GLUSKABE: I’m sorry, Day Eagle. It’s the best I can do! From now on, I’m afraid one half of the world will be light, while the other half is dark. All I ask is that you keep turning around on your mountaintop so that both sides of the earth get their fair share. Can you do that?
DAY EAGLE: I can!
NARRATOR: And indeed, ever since, when it’s daytime on one side of the earth, it’s nighttime on the other. And vice-versa.
As Gluskabe rolled the twine back into a ball, he noticed something. Stuck to the string were bits of fur.
White, silky fur.
GLUSKABE: A-ha! Skunk!!!
NARRATOR: Gluskabe went barreling down the mountain and straight to Skunk’s den. The silky white critter was curled up next to a crackling bonfire, and was snoozing away.
GLUSKABE: Skunk! What were you thinking?! You nearly threw the world into nighttime forever!!
NARRATOR: At the sound of Gluskabe’s deep voice, Skunk’s eyes snapped open.
SKUNK: Gluskabe! What are you doing here? And why is it so light outside? I thought that when I tied up Day Eagle, I — Oops.
GLUSKABE: So you did do it, you little rascal!
NARRATOR: All at once, Gluskabe grabbed a handful of ashes from the fire and smeared them across Skunk’s face and back.
SKUNK: My fur! My beautiful white fur!
GLUSKABE: From now on, just one glance at you and everyone will remember your mischief, my friend. And as for that sweet smell of yours...
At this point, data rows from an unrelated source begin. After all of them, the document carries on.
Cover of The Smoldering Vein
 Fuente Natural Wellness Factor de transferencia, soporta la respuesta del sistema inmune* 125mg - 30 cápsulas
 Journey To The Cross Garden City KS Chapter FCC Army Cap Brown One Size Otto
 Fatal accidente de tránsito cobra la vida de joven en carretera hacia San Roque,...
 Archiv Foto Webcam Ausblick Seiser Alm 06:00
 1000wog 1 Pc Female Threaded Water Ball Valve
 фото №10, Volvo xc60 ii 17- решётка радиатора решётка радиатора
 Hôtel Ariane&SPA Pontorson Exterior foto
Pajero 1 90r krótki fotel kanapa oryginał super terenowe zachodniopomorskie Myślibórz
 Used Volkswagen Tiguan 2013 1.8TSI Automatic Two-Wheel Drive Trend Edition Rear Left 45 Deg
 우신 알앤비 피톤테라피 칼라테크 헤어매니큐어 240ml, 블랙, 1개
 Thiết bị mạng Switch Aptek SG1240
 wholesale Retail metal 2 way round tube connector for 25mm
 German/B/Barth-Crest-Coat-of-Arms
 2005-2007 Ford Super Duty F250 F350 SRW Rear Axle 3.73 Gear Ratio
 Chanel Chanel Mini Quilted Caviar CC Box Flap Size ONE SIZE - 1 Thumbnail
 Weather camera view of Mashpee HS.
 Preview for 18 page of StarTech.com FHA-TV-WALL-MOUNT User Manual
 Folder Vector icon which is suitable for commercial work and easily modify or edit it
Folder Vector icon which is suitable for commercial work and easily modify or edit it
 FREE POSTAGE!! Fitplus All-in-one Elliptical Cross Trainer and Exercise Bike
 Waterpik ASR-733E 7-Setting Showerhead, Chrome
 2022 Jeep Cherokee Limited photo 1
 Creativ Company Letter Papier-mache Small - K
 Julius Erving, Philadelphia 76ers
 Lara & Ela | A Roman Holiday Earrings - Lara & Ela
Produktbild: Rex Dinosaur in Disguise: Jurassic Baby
NARRATOR: Gluskabe breathed in some of the fire’s smoke... then blew it all over Skunk’s body.
GLUSKABE: From now on you will smell of rotten eggs and rancid garlic! People will see you and run away, for fear of getting your stink!
NARRATOR: But Gluskabe!
GLUSKABE: No “buts!” However... since you did want to bring on never-ending darkness, from now on you will only come out at night. No one will see you during the day. Of course, given your smell, I doubt they’ll want to see you, anyway!
NARRATOR: Skunk hung his streaked head. All he had wanted was to be admired and adored. Instead now he had a striped body, a nocturnal sleep cycle, and a smell so strong, it would send anyone running… and so it is to this day.
Now to be fair, Skunk only sprays his spray when he feels threatened, or in danger. But, word to the wise? Unless you’re a big fan of rotten eggs or rancid garlic… I wouldn’t get too close.